EL HEREDERO
Preocupa a su majestad el rey que su único hijo varón sea de modales tan
delicados. Le ve deslizarse por las galerías del castillo ligero como un soplo
de aire y arrullarse como un gatito cuando la doncella le cepilla los rizos
dorados antes de acostarse. Y, en contra de su criterio, ha preferido recibir
clases de arpa y canto, junto a sus hermanas, que salir con él a cazar
jabalíes, corzos y venados.
Le disgusta también, y mucho, que ande siempre entre las faldas de la
cocinera.
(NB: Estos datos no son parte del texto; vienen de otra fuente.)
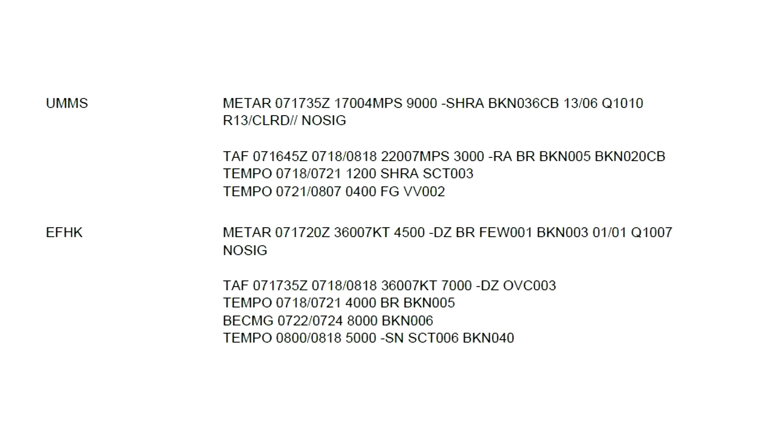At Helsinki, wind is 360 at 7 knots — not a lot of wind either. Visibility is not that good at 4,500 metres with light drizzle and several low cloud layers, so we might see the runway very late. QNH is 1007, no significant change. We're probably going to make good use of the ILS — let's hope it doesn't get too foggy. Based on these conditions, at Minsk we'll likely use runway 13, and at Helsinki one of the 04 runways — 04 Left or 04 Right.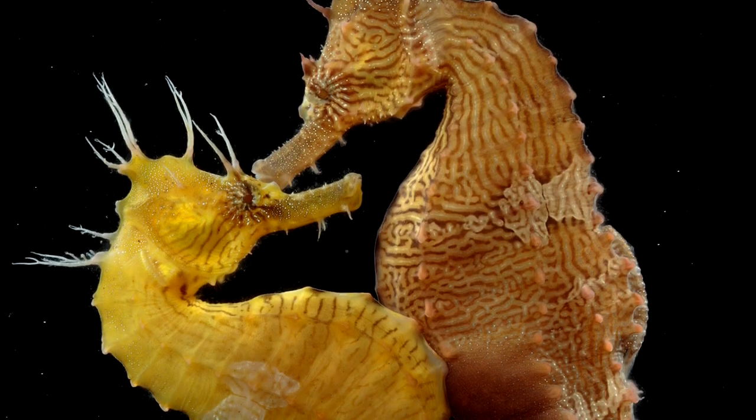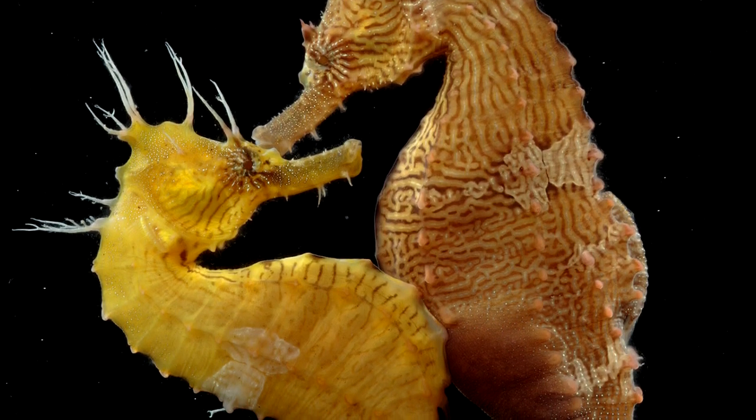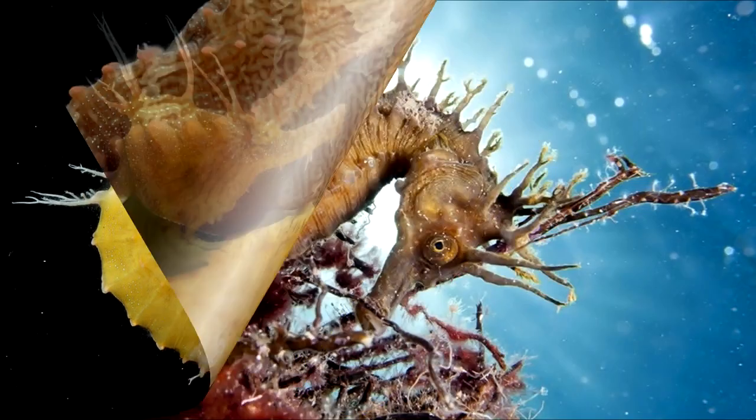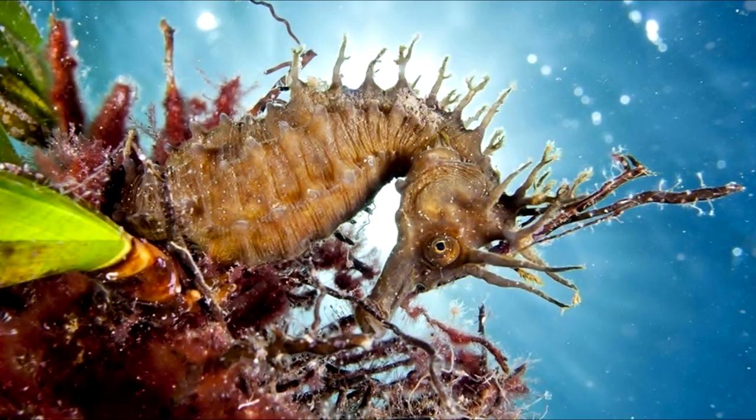Amazingly, it's the male of this species that bears the young. The female deposits her eggs into the male's brood pouch on its ventral side, which he then fertilizes internally. The eggs later hatch into tiny seahorses inside this pouch.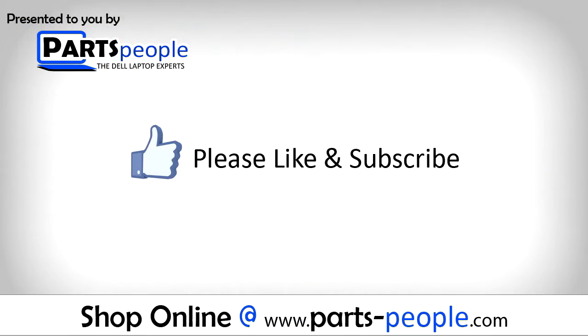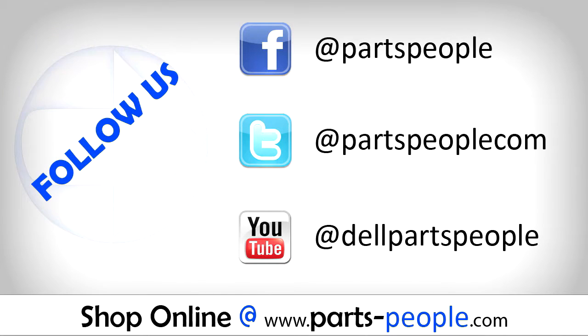Thanks for watching. If you enjoyed this tutorial, give this video a like and subscribe to our YouTube channel. Check the video description below for links to written tutorials and replacement parts.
Hoy, mientras ensillan su caballo en los establos, observa al
chiquillo en el gallinero. Con qué suavidad escoge un huevo, lo acaricia, le
retira las briznas y plumas pegadas, se lo pone en la mejilla para sentir su
tibieza, lo coloca con ternura junto a los otros en la cestita que la cocinera
se lleva. Al hombre le da una rabia tremenda, piensa que este hijo tiene una
tara muy gorda, que no va a servir para el oficio que le espera, pero de pronto
el niño agarra una gallina por el pescuezo y con sus manitas gordezuelas le da
un giro completo, y otro más, y otro, hasta que separa la cabeza del cuerpo, y
sale corriendo con el animal muerto hacia la cocina, y el rey respira con gran
alivio y contento porque hoy habrá su guiso preferido en el almuerzo.